Visible depuis les vedettes à passagers qui traversent la petite rade, son château - les superstructures qui dominent le pont d’envol - n’est plus qu’un gigantesque échafaudage. Malgré les apparences, le navire amiral de la Marine nationale doit pourtant reprendre la mer et les essais au plus tard le 1er janvier prochain. D’après son commandant, le capitaine de vaisseau (CV) Georges-Antoine Florentin, visiblement confiant, le bâtiment doit même sortir du bassin d’ici la fin du mois d’octobre.
Sans bouilleur, pas d’opération
Pour tenir les délais, Naval Group, l’industriel qui a la maîtrise d’œuvre du chantier, et le Service de soutien de la flotte ne lésinent pas sur les moyens. "C’est un chantier hors normes. En « deux-huit" ou "trois-huit", chaque jour, quelque 2.000 personnes y travaillent, dont bon nombre de marins du bord. Outre Naval Group, 180 sous-traitants interviennent sur le chantier. Rien qu’en peinture, c’est l’équivalent de deux terrains de rugby qui doivent être traités ». Un chantier "colossal" qui nécessite une coordination des plus pointues. À ce sujet, le commandant Florentin loue le rôle de la SMUC, pour structure mutualisée de coordination. "Pour prévenir les accidents, analyser les risques liés aux coactivités, autrement dit pour assurer la sécurité du chantier, un travail d’équipe, mélangeant en un même lieu marins et personnels de Naval Group, est absolument nécessaire".
Mais revenons au chantier, désigné sous le sigle IEI pour indisponibilité pour entretien intermédiaire. S’il n’a pas la durée d’un arrêt technique majeur (ATM), il en a la densité. "Je dirais que l’ATM est un 5.000m, quand l’IEI est un 400m haies!", glisse le CV Florentin, pas mécontent de sa métaphore sportive. Et ce n’est pas parce que le cœur des chaufferies nucléaires n’est pas changé, que le chantier est moins important. "L’idée est toujours de redonner du potentiel aux installations, de maintenir les capacités opérationnelles aux plus hauts standards internationaux pour que nous restions les meilleurs en opération", martèle encore le commandant.
L’hôpital entièrement reconstruit
L’une des principales opérations consiste cette fois à remplacer deux des quatre bouilleurs du porte-avions. "À première vue, cela peut paraître accessoire, mais sans ces équipements qui permettent de produire de l’eau douce à bord, le porte-avions ne peut rien.
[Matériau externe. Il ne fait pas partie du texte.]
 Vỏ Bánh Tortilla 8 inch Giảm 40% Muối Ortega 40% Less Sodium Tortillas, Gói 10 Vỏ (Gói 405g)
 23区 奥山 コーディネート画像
Ni avancer, ni catapulter les avions", commente un officier du Charles-de-Gaulle. Et de préciser: "Les bouilleurs actuels ont l’âge du bateau, admis au service actif en 2001. Ces équipements produisent, à partir de l’eau de mer, de l’eau déminéralisée extrêmement pure qui sert pour les douches, le rinçage des aéronefs, et la production de vapeur. Cette dernière étant ensuite utilisée, via des turbines, pour la propulsion, la production d’électricité et le catapultage des avions".
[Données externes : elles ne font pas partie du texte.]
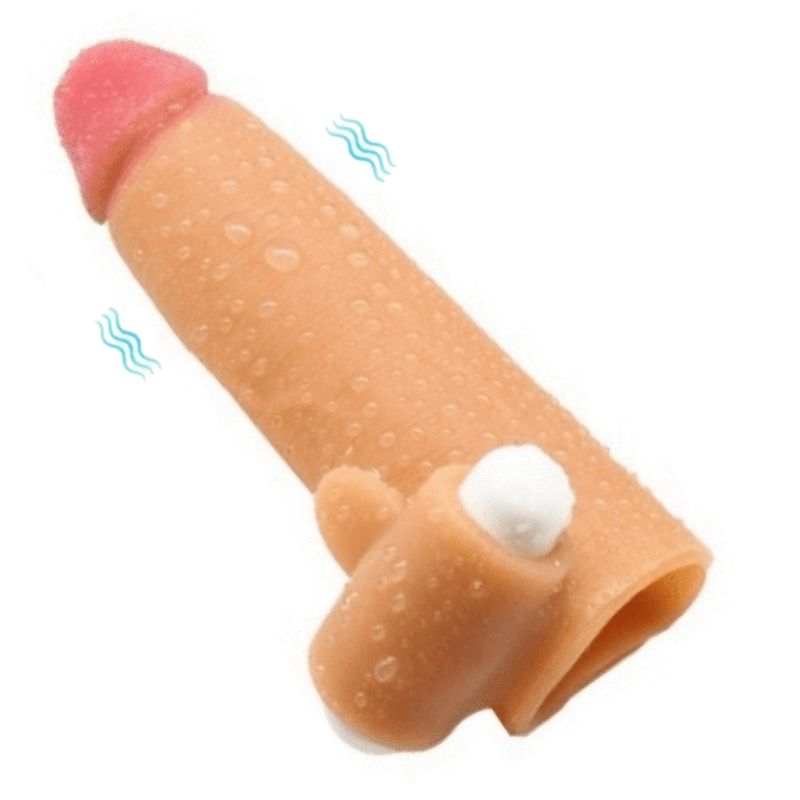 Magic Vibrating Penis Seeve + 50% Magic Vibrating Penis Seeve + 50%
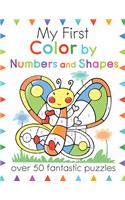 My First Color by Numbers and Shapes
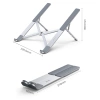 Ugreen verstellbarer Laptopständer Silber (LP451)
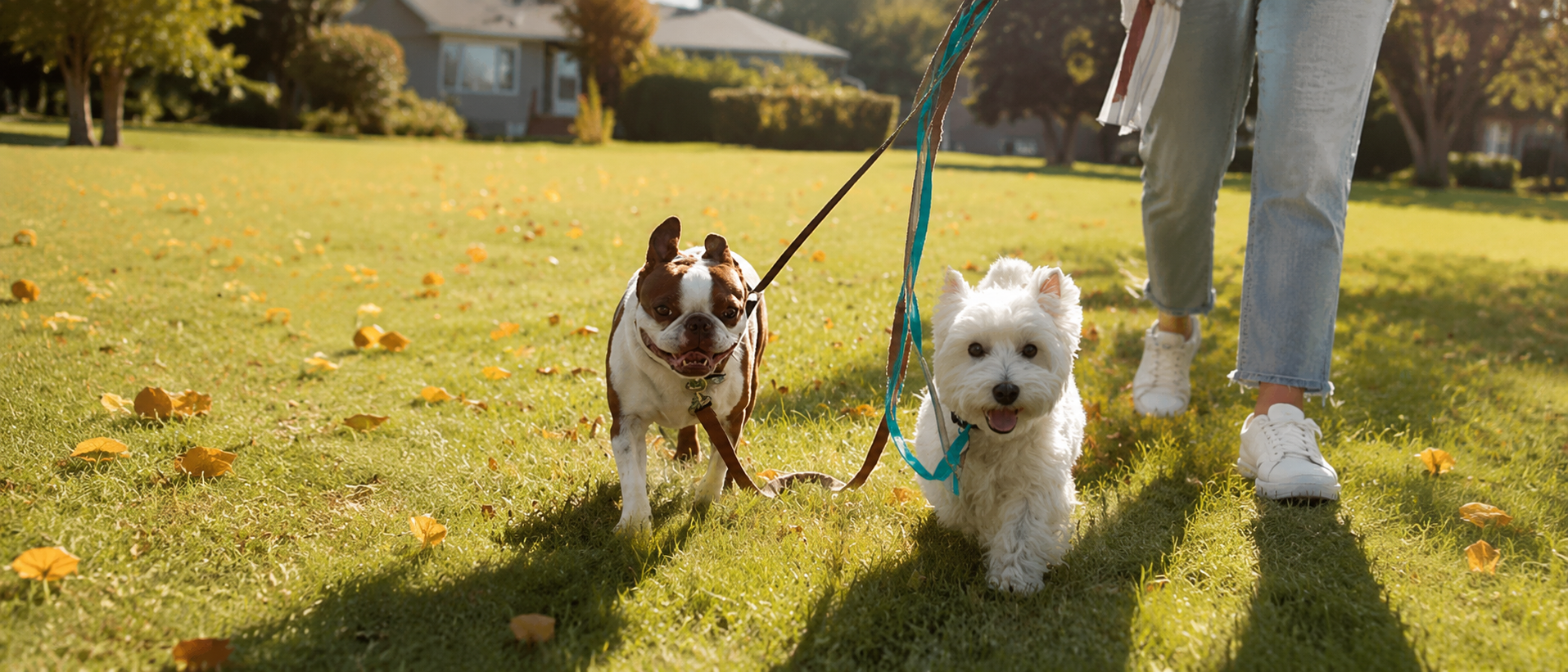 Pet essentials for everyday walks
Et puisqu’on parle de catapultes, l’une des deux, celle de la piste axiale, est en partie démontée pour de la maintenance préventive et corrective. "On va notamment remplacer la vanne de lancement qui délivre la quantité de vapeur nécessaire au catapultage des avions", explique le maître principal Loïc, l’un des spécialistes du bord.
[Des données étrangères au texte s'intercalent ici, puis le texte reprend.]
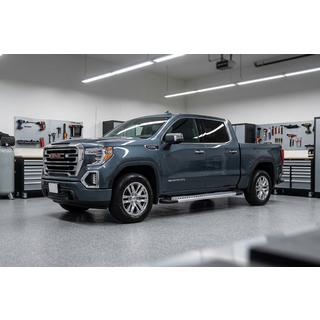Boční prahy New Vision Grey (2 ks., hliník) GMS Sierra 2019– fotografie 1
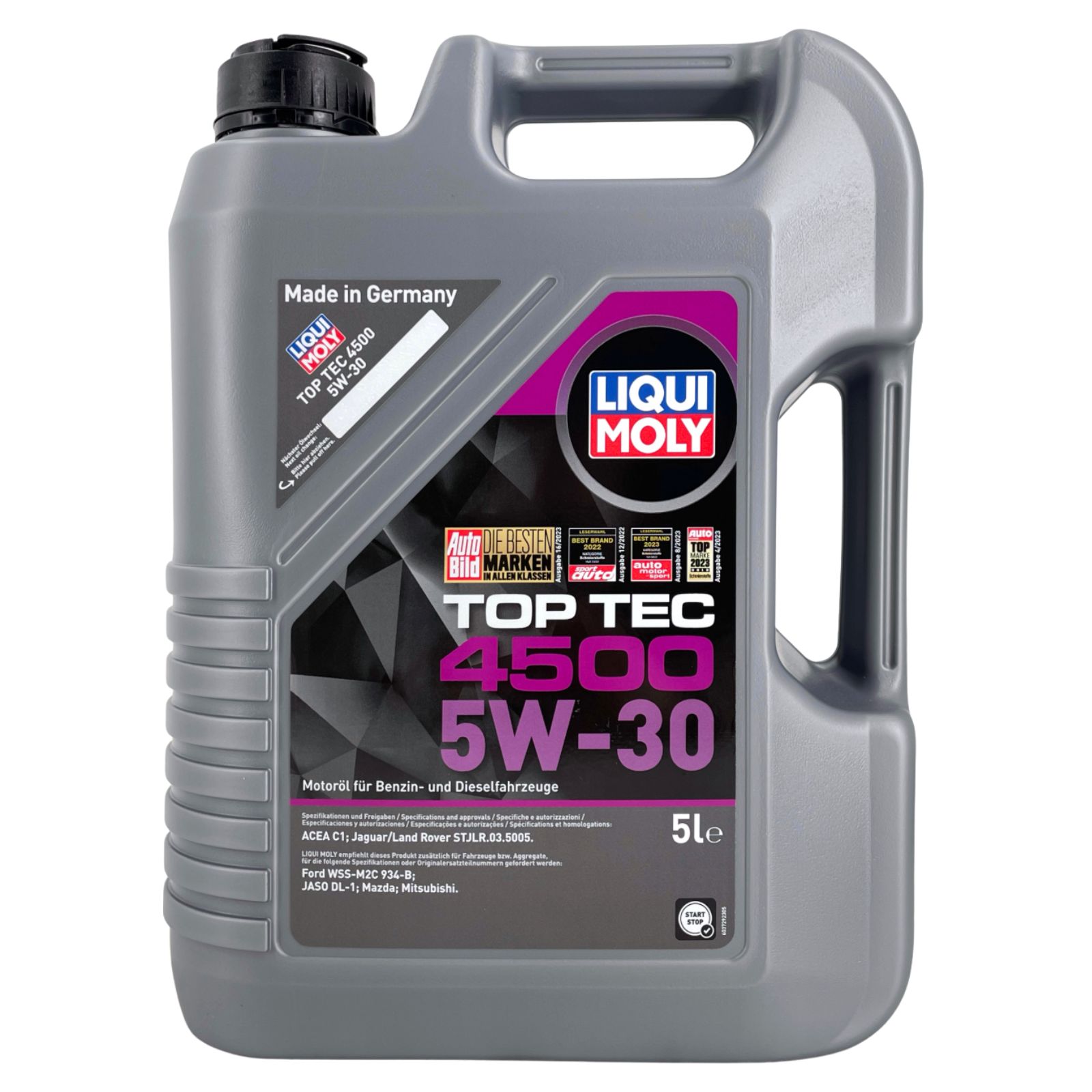 Liqui Moly Top Tec 4500 5W-30 5 Liter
Nommé médecin-major du Charles-de-Gaulle cet été, le médecin-chef Gautier a dû prendre peur en voyant son hôpital. Car pour l’heure, les blocs opératoires sentent plus la soudure que la bétadine. Plus qu’une rénovation, c’est une reconstruction que subit en effet l’hôpital. "Mais une fois fini, il préfigure ce qui se fera sur le porte-avions de nouvelle génération", assure le médecin. Ce dernier évoque "une optimisation du parcours du blessé avec une salle hybride qui regroupera le scanner, un hall opératoire, mais aussi de nouvelles capacités techniques telles que la cœlioscopie ou la radiologie interventionnelle (1). L’objectif étant de gagner du temps dans la prise en charge du blessé et donc d’augmenter ses chances de survie".
1. Une technique moins invasive qui remplace la chirurgie ouverte en passant par voie artérielle.